*** Material provided Section Begins ***

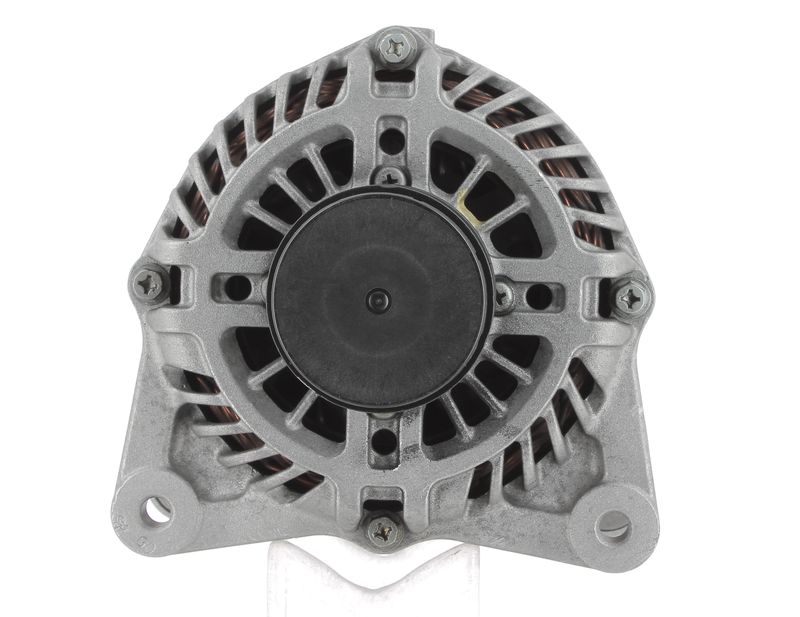 CEVAM 40122 Lichtmaschine Lichtmaschine 231001KA1C CEVAM 40122 NISSAN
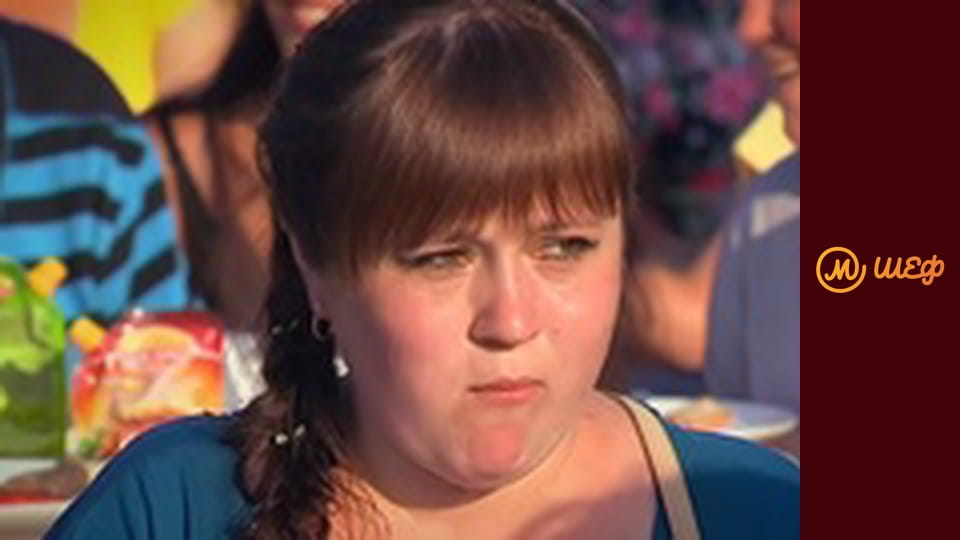 Сезон 6, Випуск 10, Частина 8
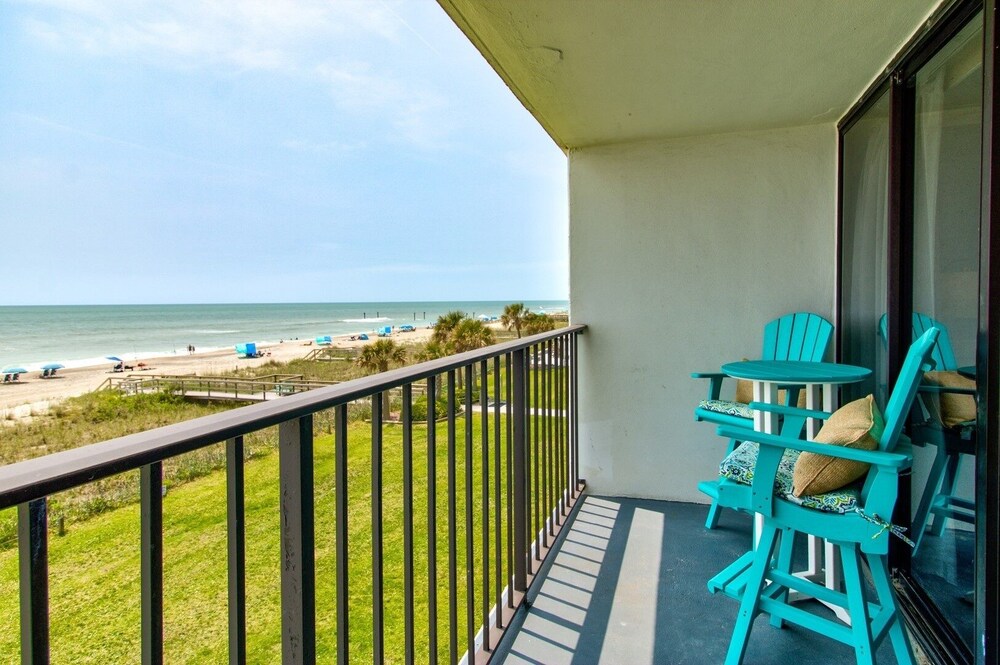 0304 Bountiful Bliss by Atlantic Towers - photo 22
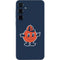 Syracuse University Orange Mascot Galaxy A36 5G Skin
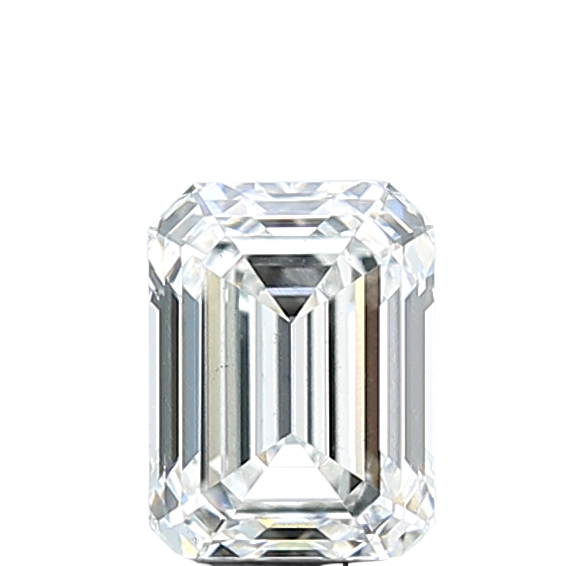srdl_lab_loosediamond_emerald_01-15_vs2_d_ca8931c972cc
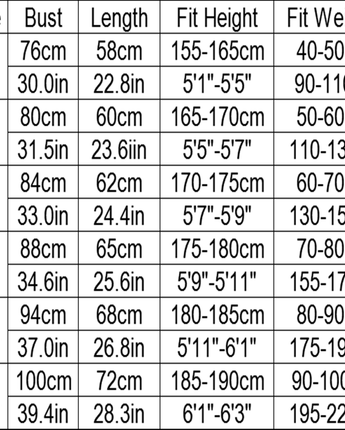 Men Compression Sport Tight Tank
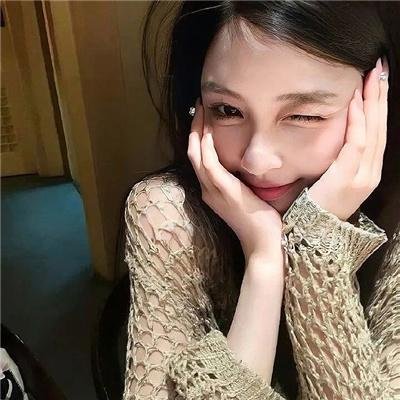 救起池中的猎豹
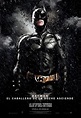 Batman El Caballero De La Noche Asciende | ダークナイト、バットマン ポスター、バットマン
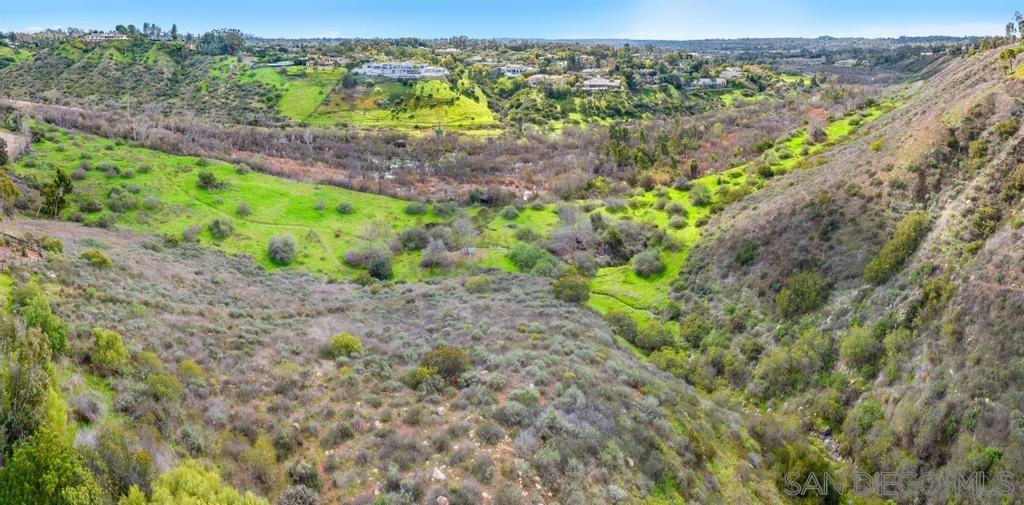 Detail Gallery Image 51 of 51 For , Rancho Santa Fe,  CA 92067 - – Beds | – Baths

*** Material provided Section Ends ***

Give back exactly the lines from the line with "Batman El Caballero" through the final line of the entries above, and keep pictures out of the copy.

▶ [Completed exercise]
 Batman El Caballero De La Noche Asciende | ダークナイト、バットマン ポスター、バットマン
 Detail Gallery Image 51 of 51 For , Rancho Santa Fe,  CA 92067 - – Beds | – Baths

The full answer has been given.